> **About this task**
Among the records below, find the line with "Distressed Leather Fringe and Wool Purse" and the line with "Buryeah 6 Pack". Set down both and every line between, exactly and with no pictures, but nothing else.

> **Exercise data**

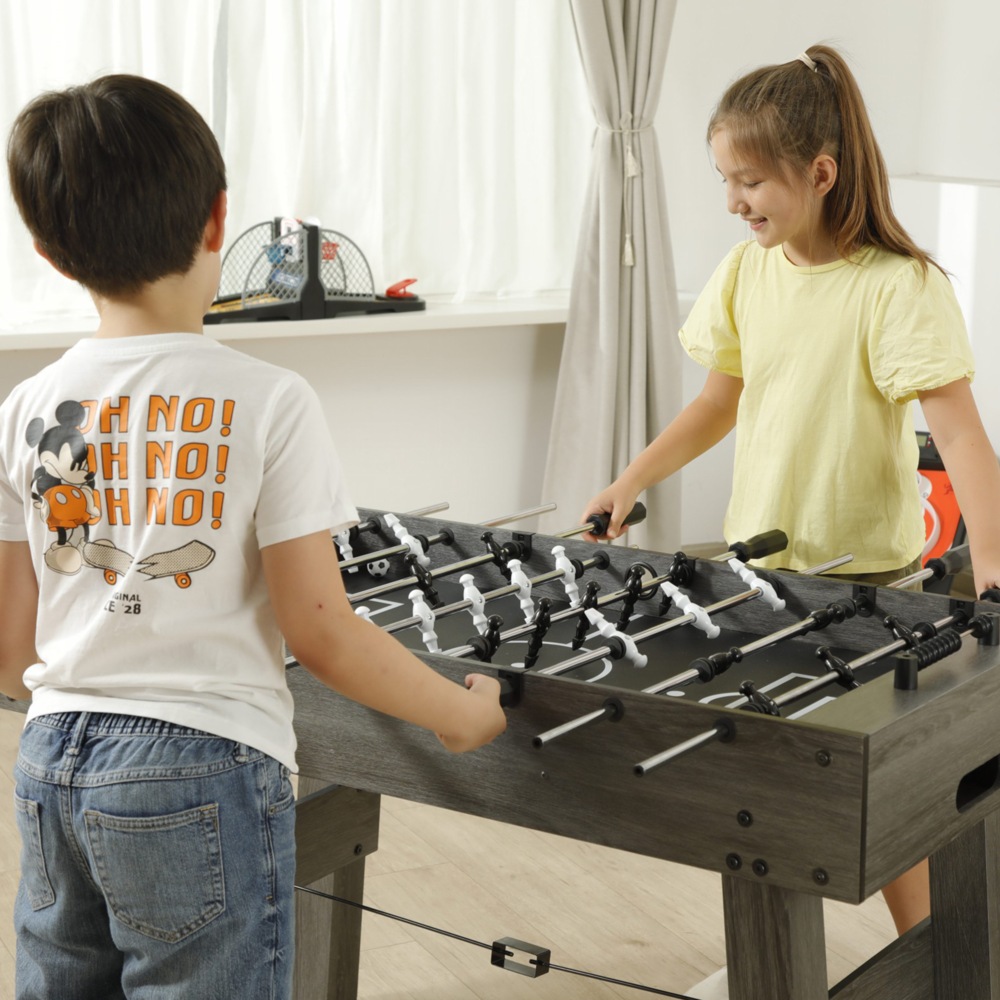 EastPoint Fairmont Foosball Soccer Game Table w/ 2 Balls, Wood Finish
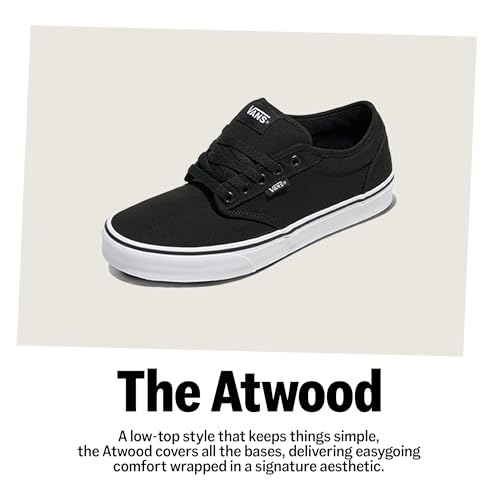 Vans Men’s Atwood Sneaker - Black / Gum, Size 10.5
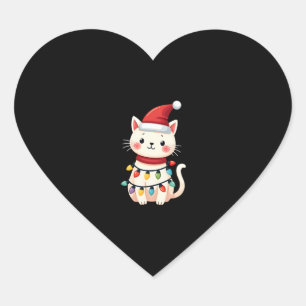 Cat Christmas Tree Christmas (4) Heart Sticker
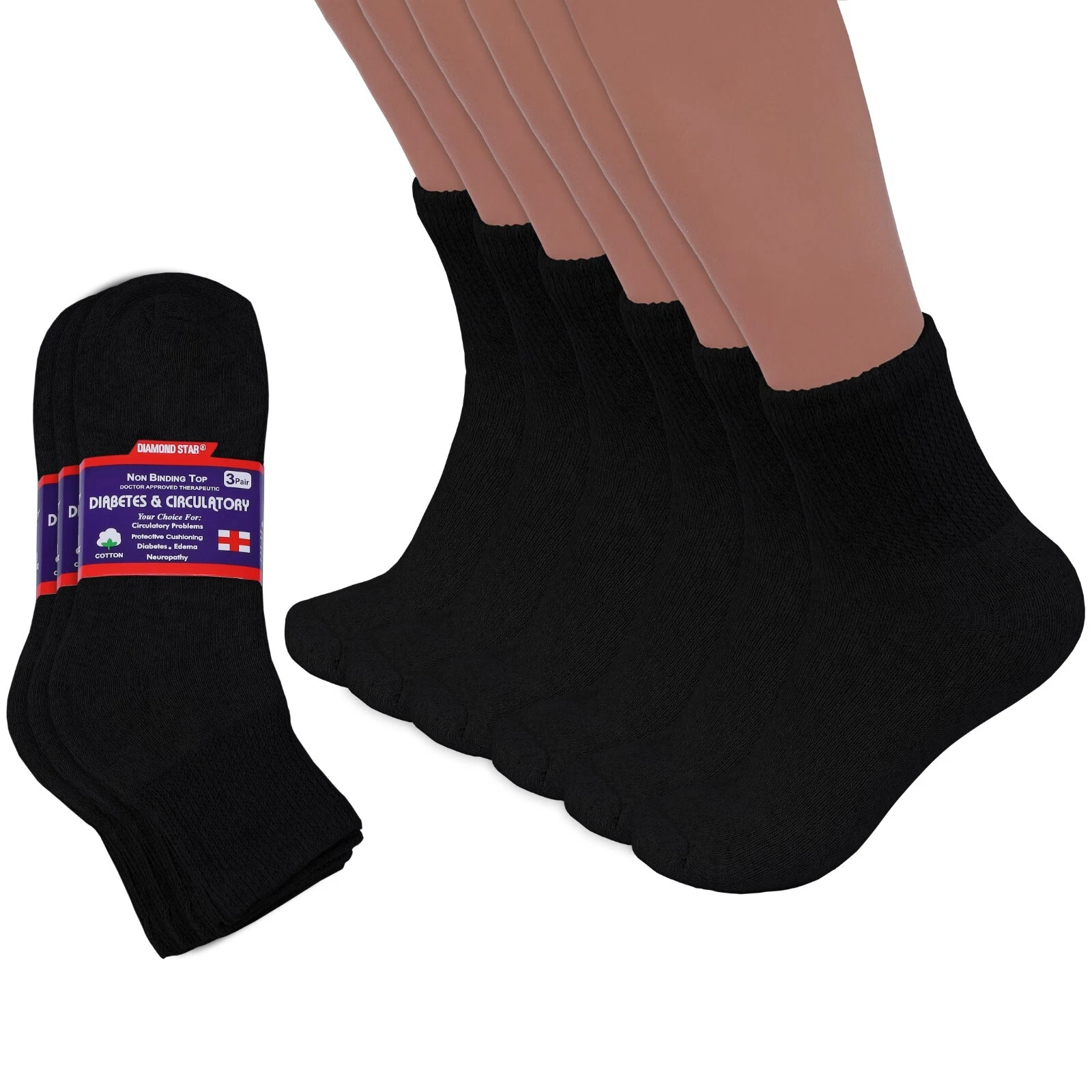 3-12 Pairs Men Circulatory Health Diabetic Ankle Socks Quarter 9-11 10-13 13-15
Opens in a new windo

==

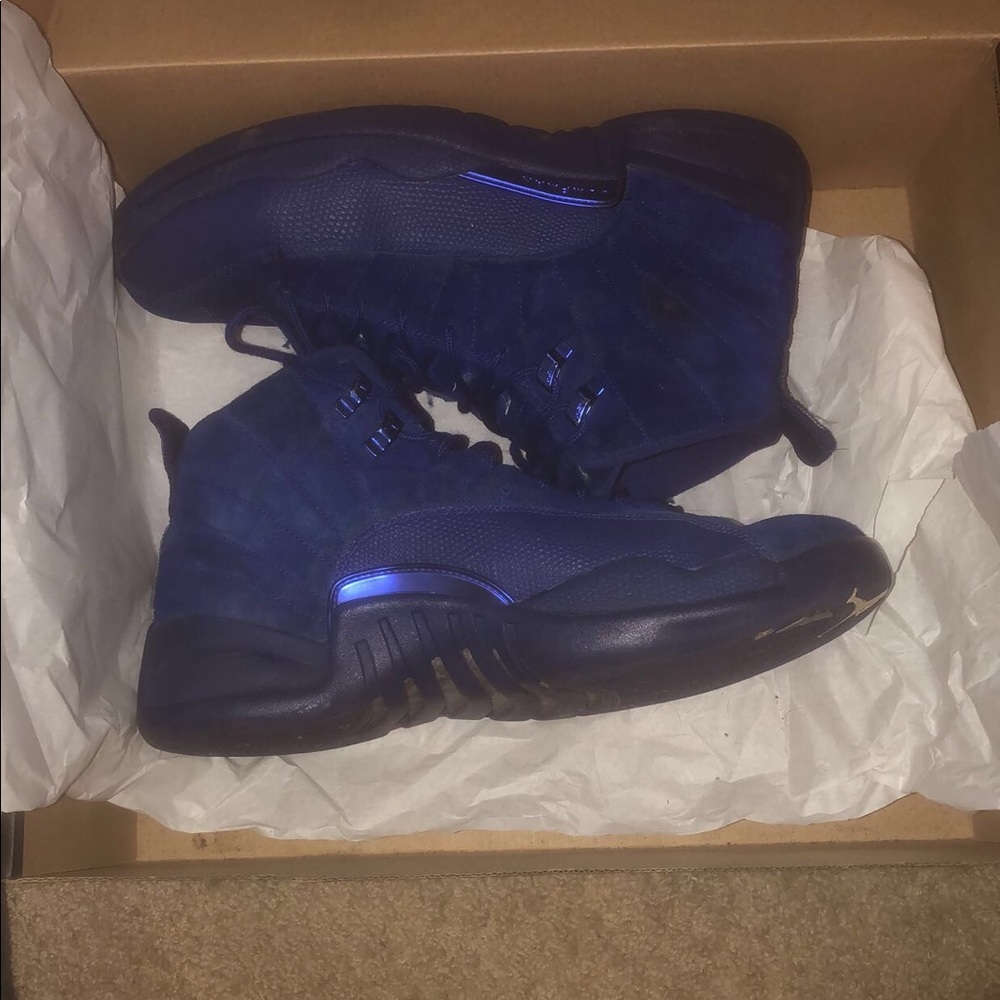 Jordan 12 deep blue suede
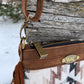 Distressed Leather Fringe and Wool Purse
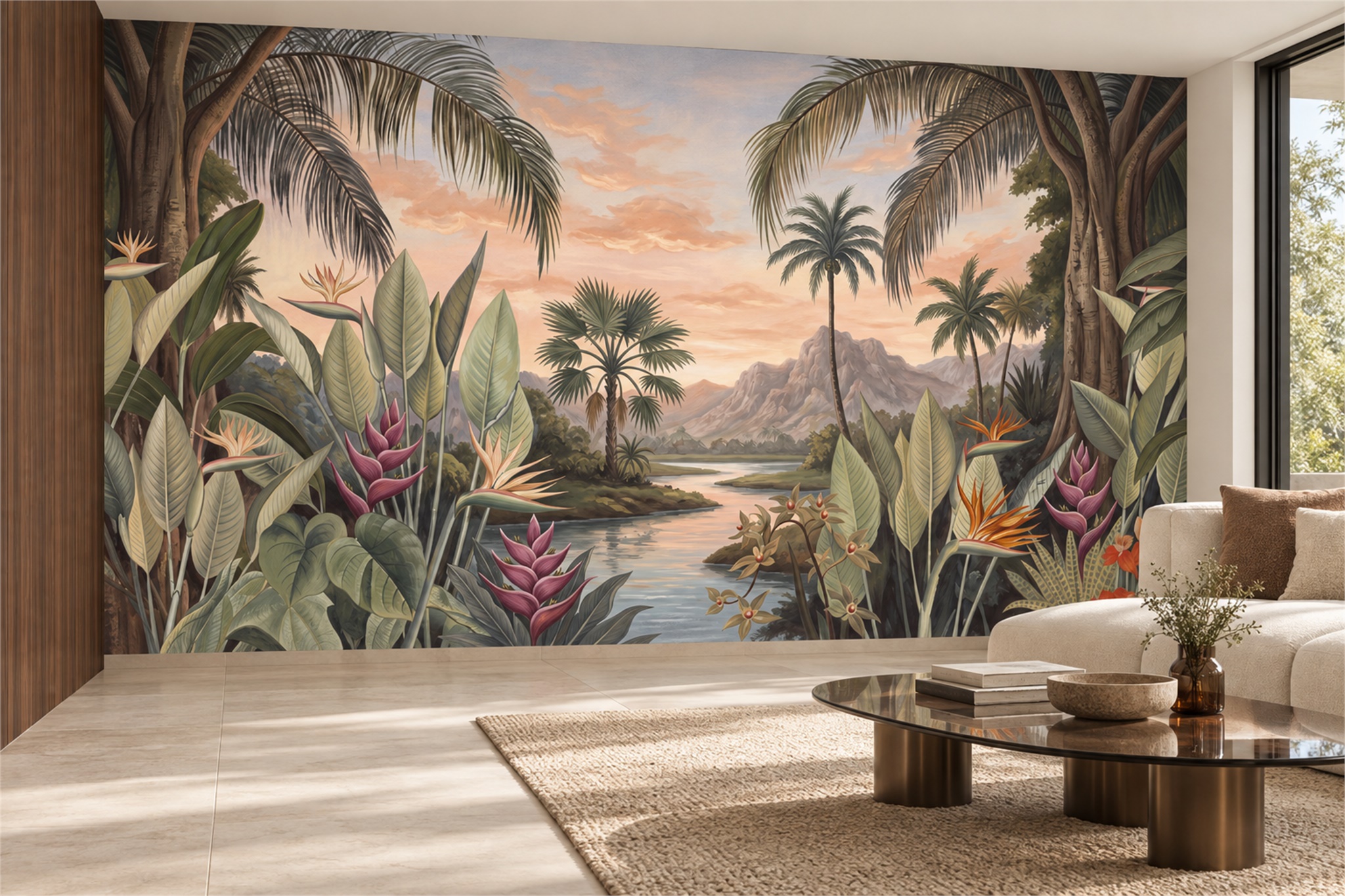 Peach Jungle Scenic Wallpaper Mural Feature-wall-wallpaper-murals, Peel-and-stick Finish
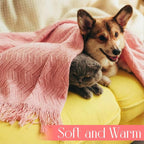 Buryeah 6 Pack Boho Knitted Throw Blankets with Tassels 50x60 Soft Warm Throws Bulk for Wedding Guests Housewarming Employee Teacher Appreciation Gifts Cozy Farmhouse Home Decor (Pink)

* * *

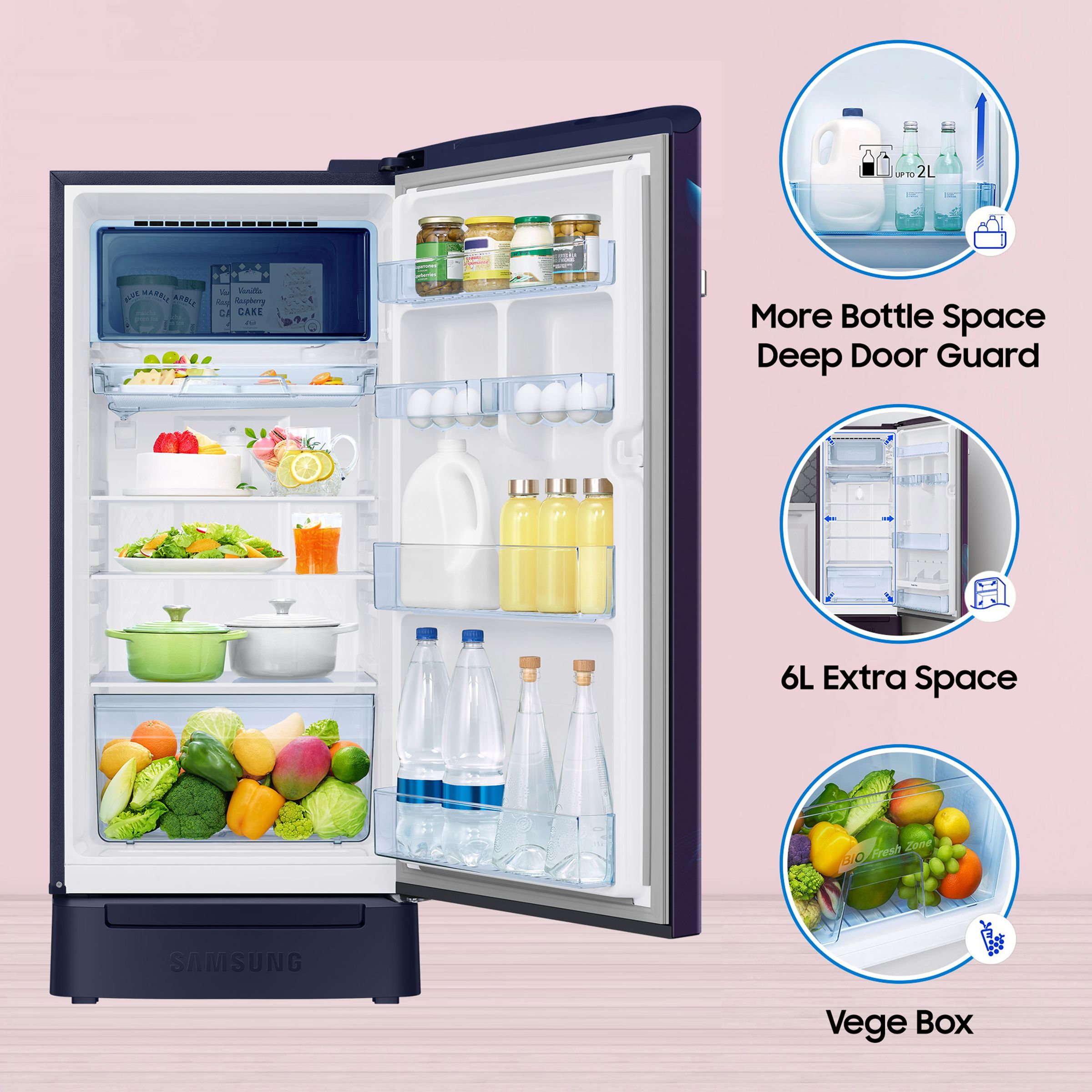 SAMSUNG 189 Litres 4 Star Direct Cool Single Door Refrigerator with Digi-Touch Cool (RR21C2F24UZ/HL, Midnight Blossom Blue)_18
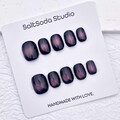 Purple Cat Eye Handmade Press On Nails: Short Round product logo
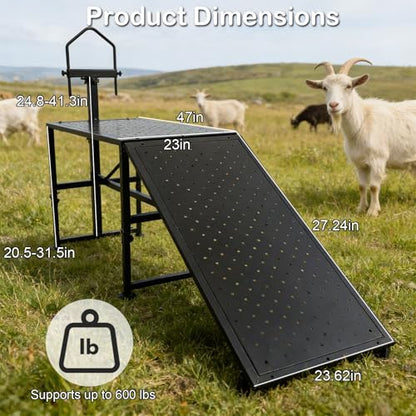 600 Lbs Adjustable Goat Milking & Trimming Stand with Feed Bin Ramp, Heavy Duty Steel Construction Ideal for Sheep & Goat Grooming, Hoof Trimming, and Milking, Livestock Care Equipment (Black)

> **Task answer**
 Distressed Leather Fringe and Wool Purse
 Peach Jungle Scenic Wallpaper Mural Feature-wall-wallpaper-murals, Peel-and-stick Finish
 Buryeah 6 Pack Boho Knitted Throw Blankets with Tassels 50x60 Soft Warm Throws Bulk for Wedding Guests Housewarming Employee Teacher Appreciation Gifts Cozy Farmhouse Home Decor (Pink)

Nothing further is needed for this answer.